The prosecution depicts Will as a psychopath who got too carried away creating profiles of murderers and became one himself. Jack is still unsure of his own convictions and he is encouraged to back the prosecution but when he is put on the stand, he does not offer evidence to damn Will but rather testifies against himself – he pushed Will too hard. Will’s lawyer is optimistic of a ‘not guilty’ verdict but Will notes that it is not the same as innocence. Will receives an ear in his mail.
Jack confides to Hannibal that he feels good about defending Will. He talks about his wife’s deteriorating condition. Jack notes that the timing of the ear was too accurate to be an accident and Hannibal thinks it’s a gift from an admirer. Will tells Hannibal that he wants there to be another killer and Hannibal reveals that it’s not him. Freddie Lounds takes the stand later and testifies against Will. Alana Bloom practices her testimony and finds it difficult to keep her feelings out of it. The FBI team learns that the ear is actually Abigail’s and it was taken out of custody by Will’s bailiff, Andrew Sykes. They visit Sykes’ house and find him mounted on antlers with organs missing. Jack thinks it raises serious doubts about the case against Will.
Chilton takes the stand next and also testifies against Will. Hannibal brings the evidence for the Sykes murder to Will, asking him what he sees. Will realizes that Sykes was mutilated after death where as in the original murders the victim was killed after. Hannibal tries to convince Will that he is on Will’s side. He tells him that the murder offers him a way out. Will’s lawyer is willing to push this angle though Alana knows that Will does not think that Sykes’ murderer was the one who killed Abigail. Alana can no longer be a witness since the defence strategy has changed – Hannibal takes her place. However, the prosecution argues successfully that the killings are sufficiently different and Will’s defence is ruled inadmissible.

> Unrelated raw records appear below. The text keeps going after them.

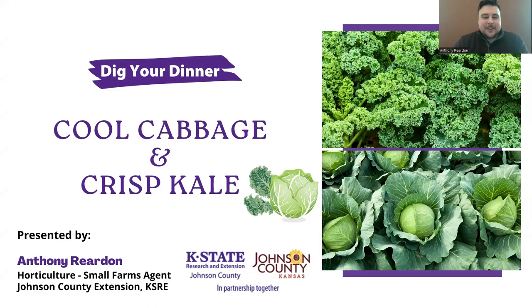All right. Hi, everyone. Anthony Bearden here. I am the Horticulture Small Farms Extension agent in Johnson County. Today we're talking about cool cabbage and crisp kale.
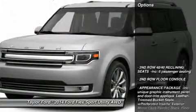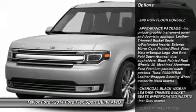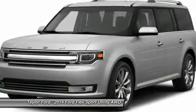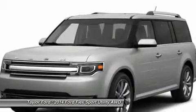Here are some of this vehicle's great options: steering wheel audio controls, power passenger seat, anti-lock braking system, all-wheel drive, adjustable steering wheel, power steering, aluminum wheels, four-wheel disc brakes, keyless entry, rear defrost.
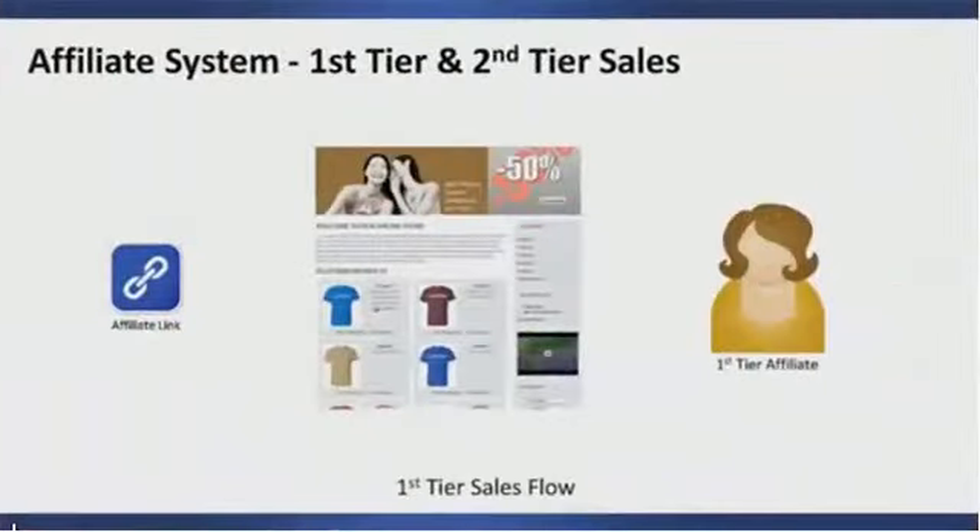The most straightforward sales flow involves nothing more than an affiliate link and a sales page. When a person clicks your affiliate link, they're directed to the sales page where they then buy a product. After they buy the product, the affiliate is automatically granted an affiliate commission for everything that was sold during that transaction.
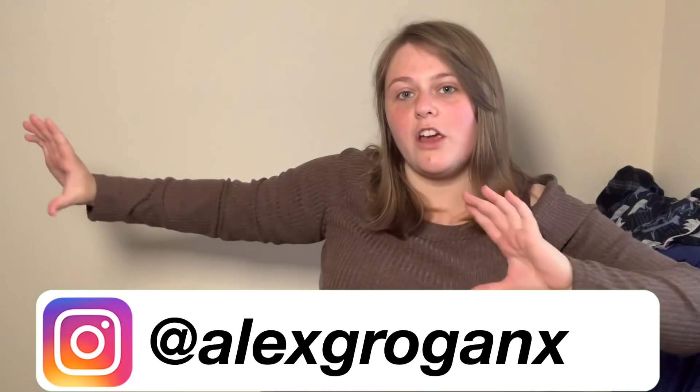Thank you guys so much for watching this video — I hope it helped you. Any comments, just leave them down below and I'll get back to you as soon as I can. My Instagram is linked here if you want to ask me any questions or get any links. If the links aren't working, or if you've had any experience yourself with SHEIN, please comment down below because I'm sure people would like to know. Hope to see you in the next video — bye!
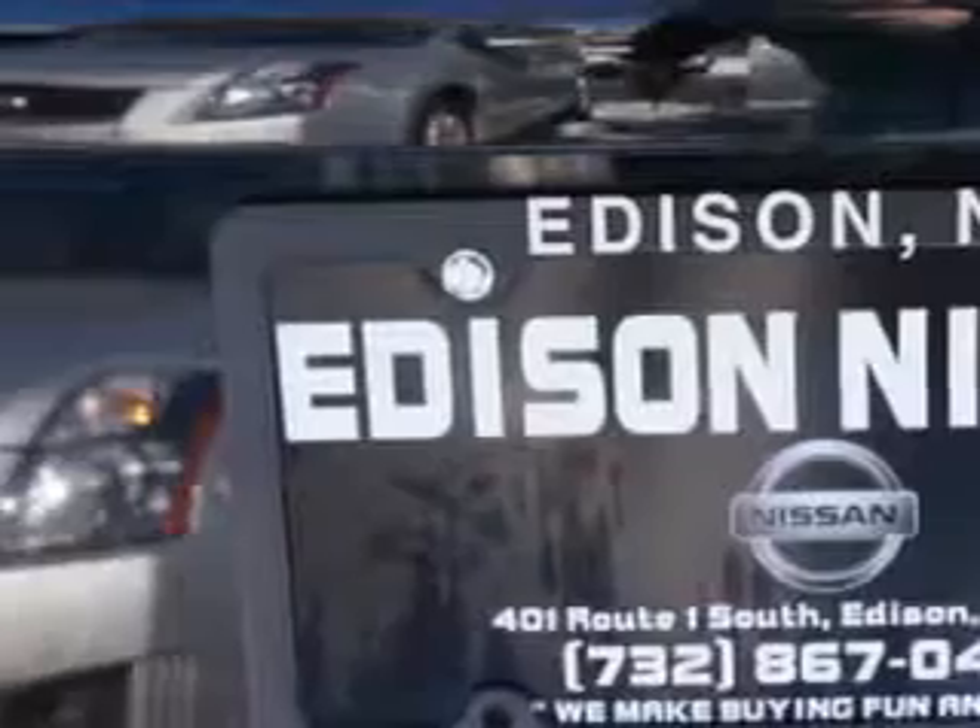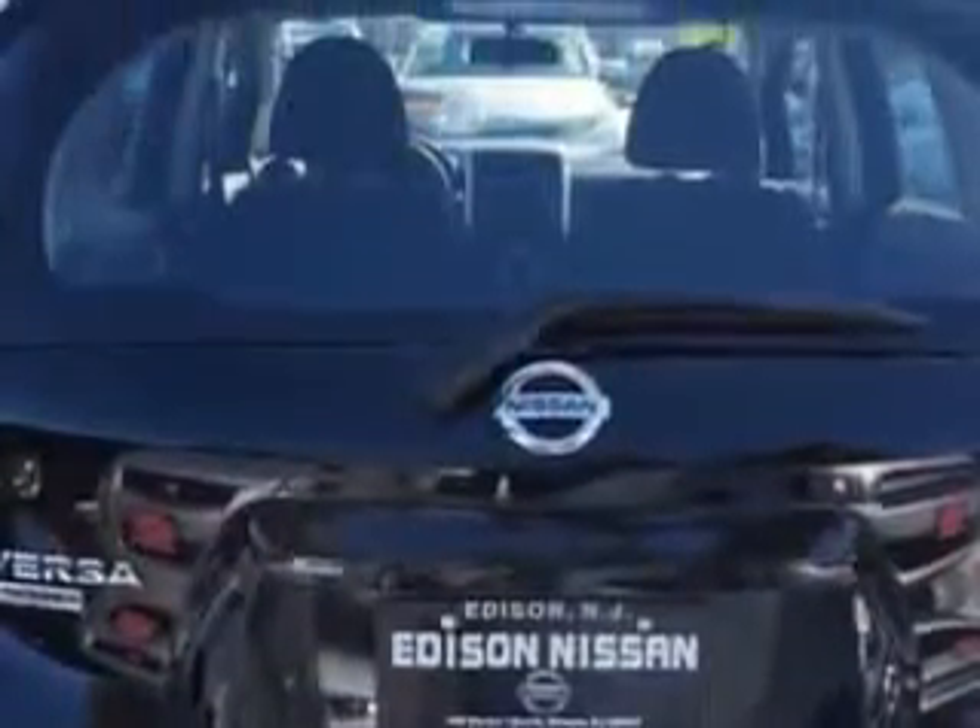Additional features include tire pressure warning, front bucket seats, interior chrome accents, front suspension with McPherson struts, and dual vanity mirrors.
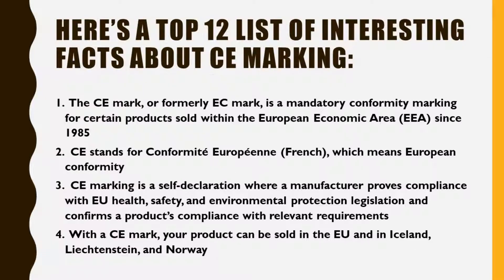Here is a Top 12 List of Interesting Facts About CE Marking. Fact 1: The CE Mark, or formerly EC Mark, is a mandatory conformity marking for certain products sold within the European Economic Area since 1985. Fact 2: CE stands for Conformité Européenne in French, which means European Conformity.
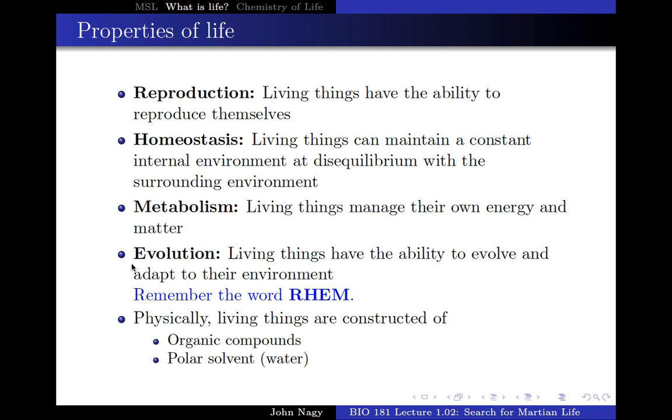None of those four things are actually what Curiosity is doing at this point. Like Viking, it tried to look for reproduction and metabolism. Curiosity does not have that capability. Instead, what Curiosity is really looking for are two things: the conditions for life. Every living system we know of — every living system we've ever experienced — is based on a polar solvent.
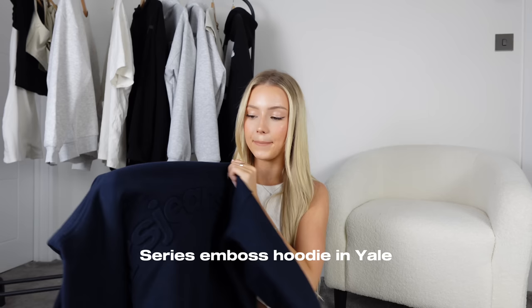Another Sisters and Seekers hoodie — you might not be able to see the detail because it's all in the same color, but it's got a kind of raised print that comes out of the hoodie and says 'Seekers Jeans.' I don't actually know what color this is — I think it's called Yale on the website. It's not navy but it's not black — it's like a bluey-black color. Love this so much, again size small.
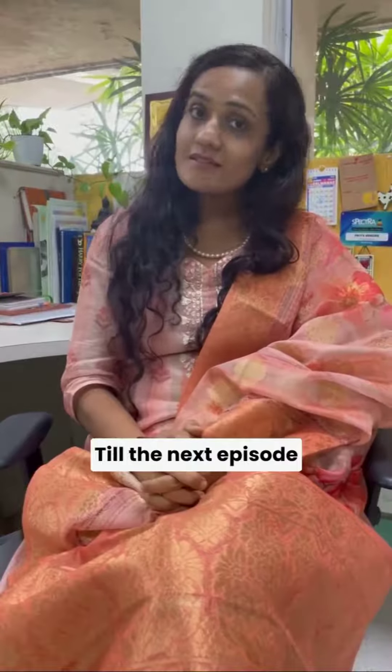If you have more questions, do ask me in the comment section below. Till the next episode, this is me signing off. Bye-bye.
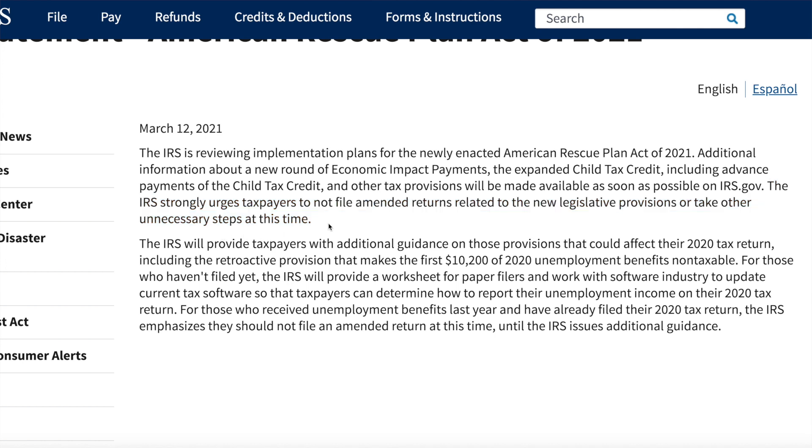The IRS strongly urges taxpayers not to file amended returns related to the new legislative provisions or take any other unnecessary steps at this time. That's the first thing they're saying: do not amend your tax return if you're trying to get either unemployment insurance tax-free, the child tax credit, or the stimulus checks. The IRS will provide taxpayers with additional guidance on those provisions that could affect their 2020 tax return, including the retroactive provision that makes the first $10,200 of 2020 unemployment benefits non-taxable.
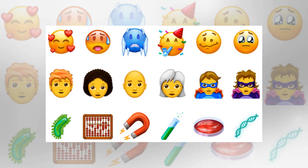Emojipedia's rendering of the new smileys. From left to right we have smiling face with three hearts — Emojipedia can count — hot face, cold face, partying face, woozy face, and pleading face.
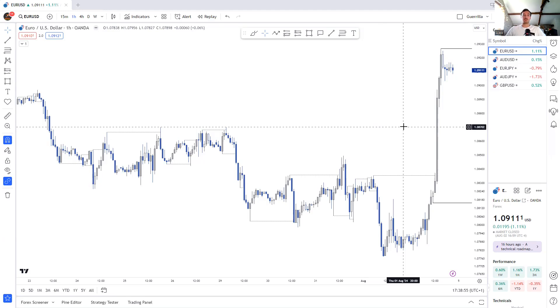Hey guys, welcome back to the channel for this week's trade recap and forecast. A pretty average week for me in general. I think I took three trades. I had one loss, one win, and one break-even — sort of a very small loss, but pretty much break-even. Ended the week around break-even as well.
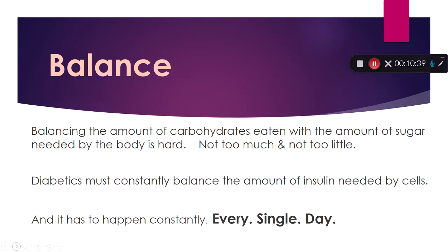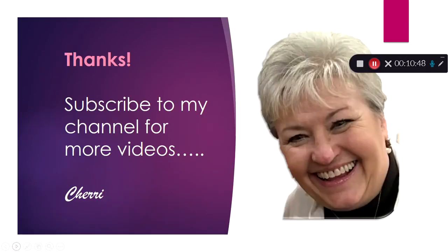It all goes back to the insulin. I hope this helps you understand and gives you a little grasp on what insulin does and why it's so important. Glad you popped in — subscribe to my channel if you want more videos, and have an awesome day.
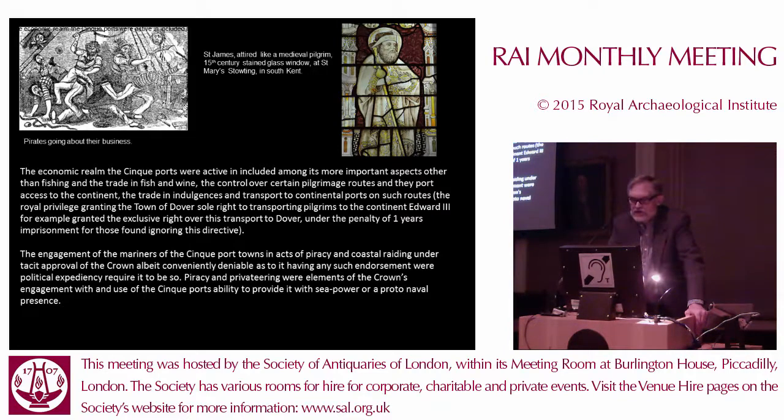Under Edward III, for example, Dover gained the right for transporting all pilgrims from Britain to the continent, under the penalty of one year's imprisonment for those ignoring this directive. I don't think anybody was ever imprisoned — all the other Cinque Ports ignored this directive, literally. They made reasonable amounts of cash through doing this, and their trade in indulgences from religious institutions and hospitals located along the route were quite lucrative.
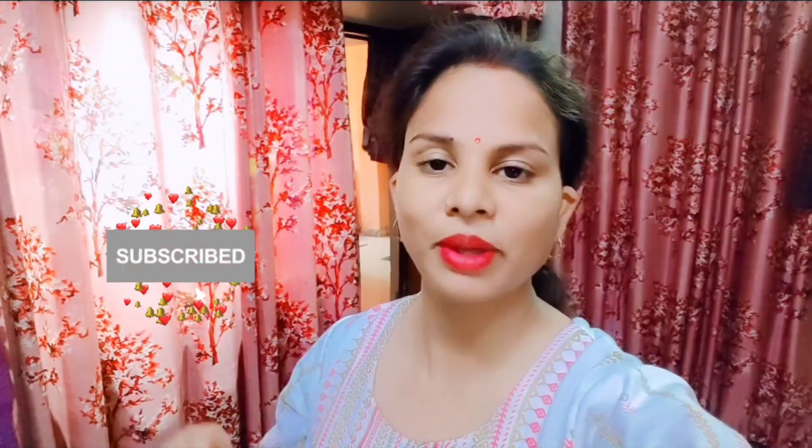So guys, our plan is this way — we are going to go outside. First of all, we will go to Hanuman Dham and then we will go to Hazratganj. And in Hazratganj, we will show you Christmas. This vlog will be made. And if you are visiting my channel for the first time, please subscribe.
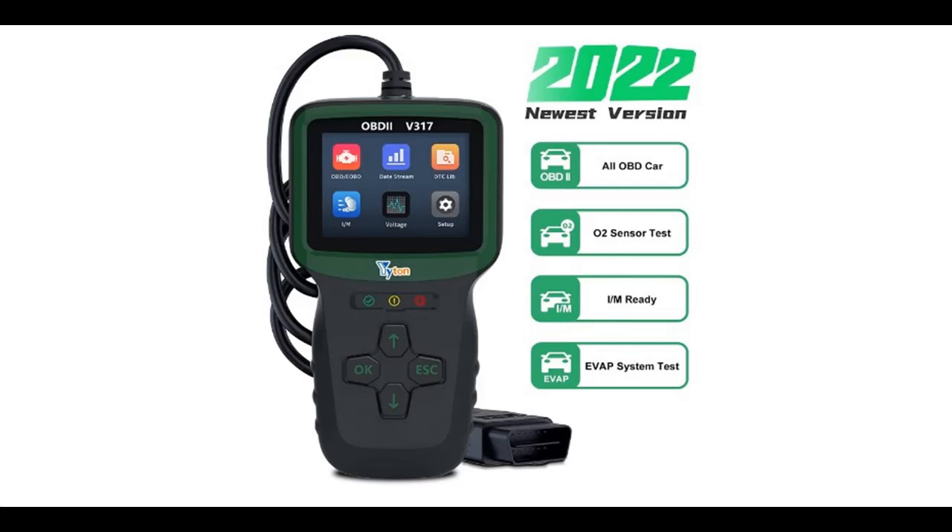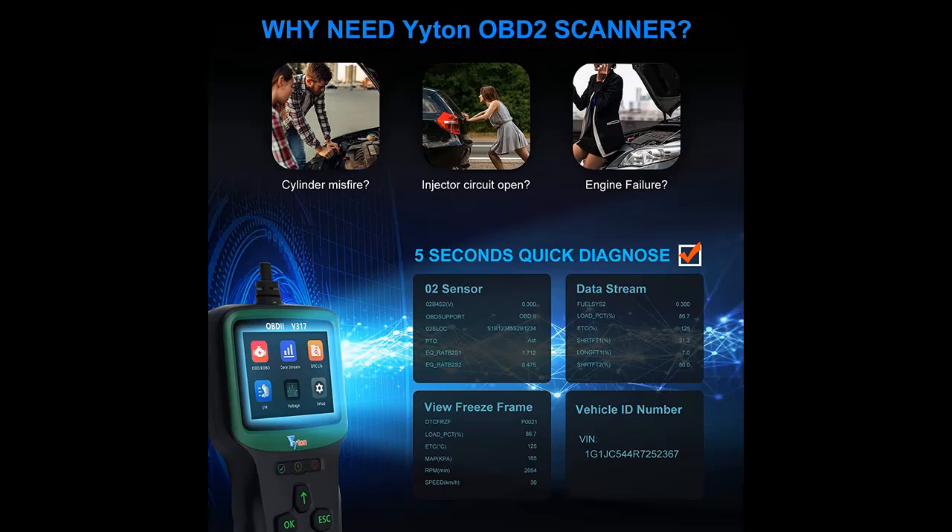Features highlight for Yadon OBD2 scanner, automotive code reader with color screen. 2022 newest enhanced intelligent chip car code reader, auto-diagnostic scan tool. Car code scanner for O2 sensor, EVAP system, and SMOG test.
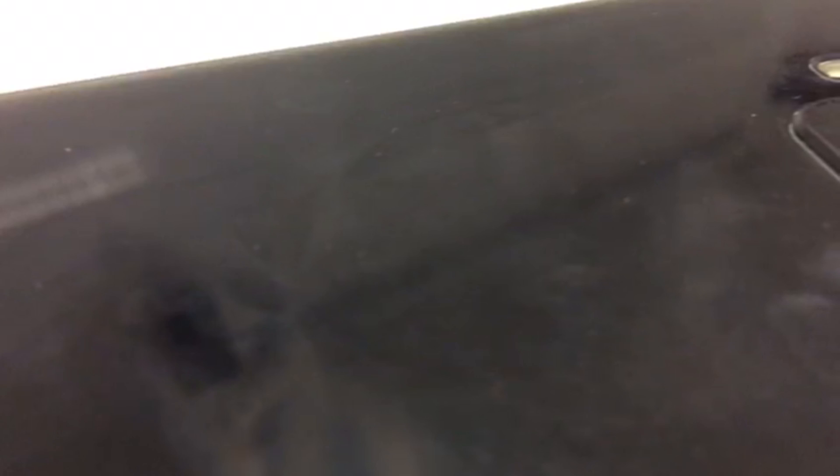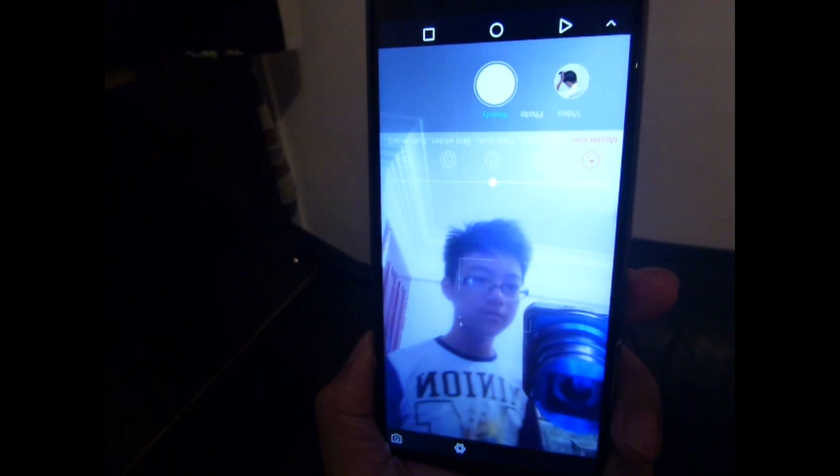Presenting the VKWorld S.A. — the best phone one can get under $250, with face recognition, a fingerprint sensor, and a 16 plus 5 megapixel dual rear camera. This phone provides all the trending features people look for in a phone today.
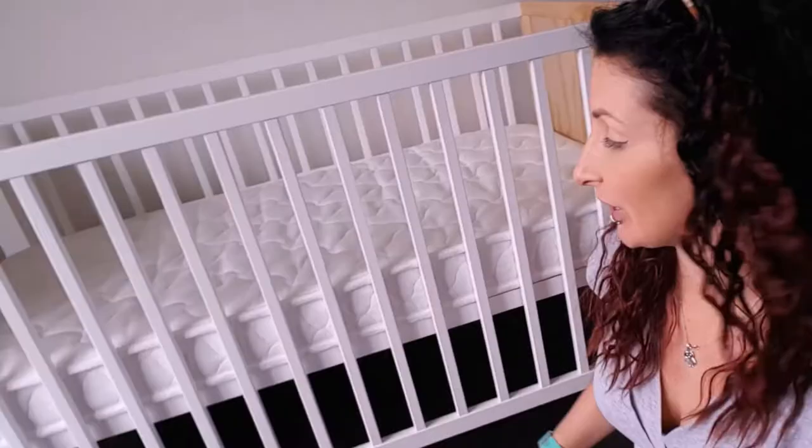Mokka has a couple of cots available. This one is the Aspiring Cot. It comes in a few different colors — I went for the white side with the neutral end. It also comes in all white and all neutral. It has two levels: a higher level and a lower level.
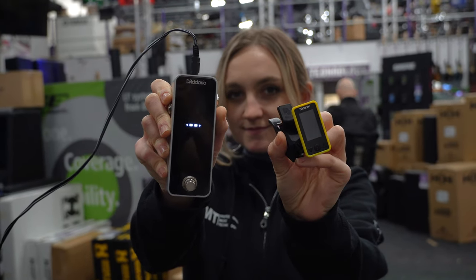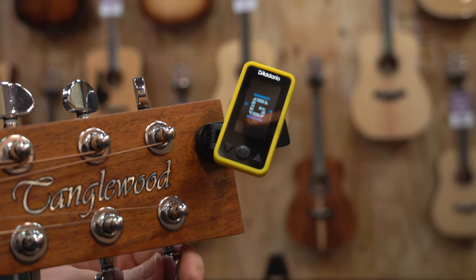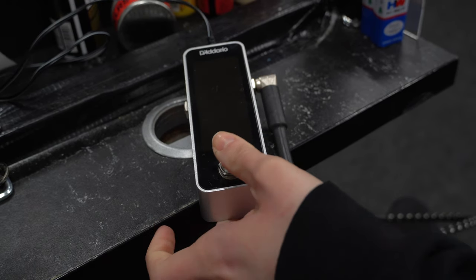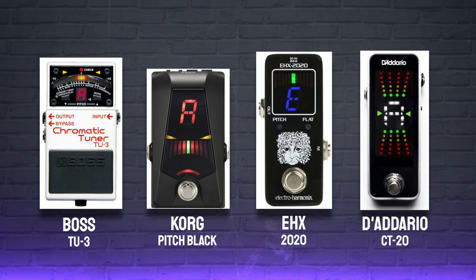A tuner would be another essential in your gigging kit — either the clip-on headstock kind or the pedal tuner kind. Clip-on tuners are an inexpensive and easy-to-use option; something like the Snark ST range or the D'Addario Planet Waves clip-on tuner range would all be good options, coming in at under £25. A real advantage of a pedal tuner is that once engaged it will bypass the signal and mute your guitar, saving the audience from hearing you tune up. Great options include the Boss TU-3, the Korg Pitchblack or the Electro-Harmonix EHX 2020 tuner — these can sit on your existing pedalboard, being the last pedal in the chain before your guitar.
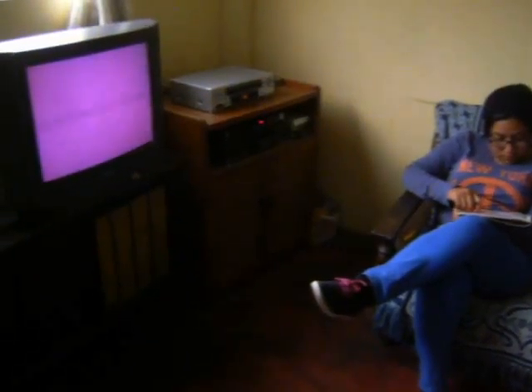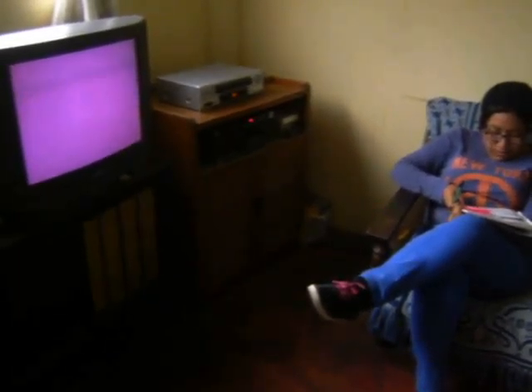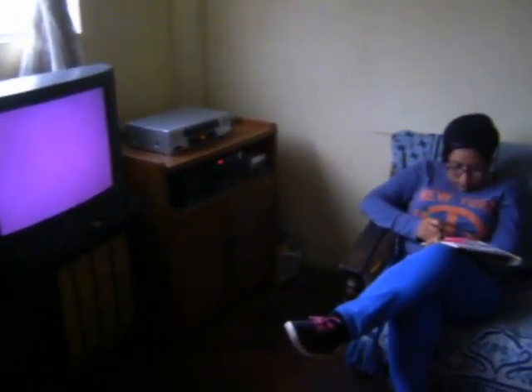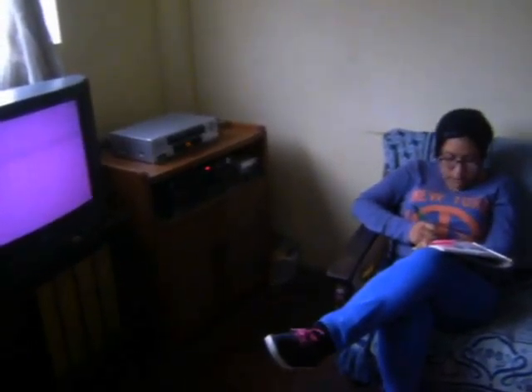Activity B. Listen to these sentences. Notice the plural endings of the underlined words. Then listen again and check the pronunciation you hear for each ending. One: They don't have any vacuum cleaners. Two: Please close the curtains. Three: He washed all the cups.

The judge is found murdered and mutilated in his chambers the next day. Jack cannot understand why the judge was killed – Hannibal guesses he wanted a mistrial. Jack is encouraged to cut Will loose – condemn with his testimony or let the circus carry on. Will thinks that the killer will reach out to him soon because the killer wants to know Will.
I was so sure that Hannibal was the killer for so much of this episode. I’m still not sure if he’s not – they haven’t revealed anything yet and there seems to be so much in favour of him not being the killer, but I can’t help but think that he would actually want Will out of jail. He must be getting so bored now that there is no one for him to have long, metaphor-filled, poetic conversations with. Speaking of which, I think the lawyer in this episode (Will’s lawyer, to be precise) might just be the most hilarious character in this show. You see, while all the other characters are taking themselves so seriously what with their perfectly worded analogies and slow, deliberate ways of expounding on the nature of the human mind, it was really amusing to see this one lawyer just come in shake things by speaking like a normal, well-adjusted human being. It’s almost as though the main cast of the show live in a bubble, totally isolated from the rest of the world and this is one of the first episodes in an incredibly long time that shows these characters interacting with people from outside the bubble.
I’m not sure what to make of the sheer number of highly skilled, meticulous serial killers. It seems like almost every episode there’s a new psychopath lurking around in Baltimore. Now, I don’t have any official data or anything, but surely serial killers aren’t all that common and furthermore surely one shouldn’t be able to kill a bailiff and a judge in the span of a couple of days, right? Well, I’m just gonna go with it in any case since questioning stuff like that is inherently pointless. I think by this stage, I’ve already begun to lose track of the games that Hannibal and Will are playing. It’s almost as though the entire cast is a little confused about what exactly they believe. Let’s do a little recap, shall we?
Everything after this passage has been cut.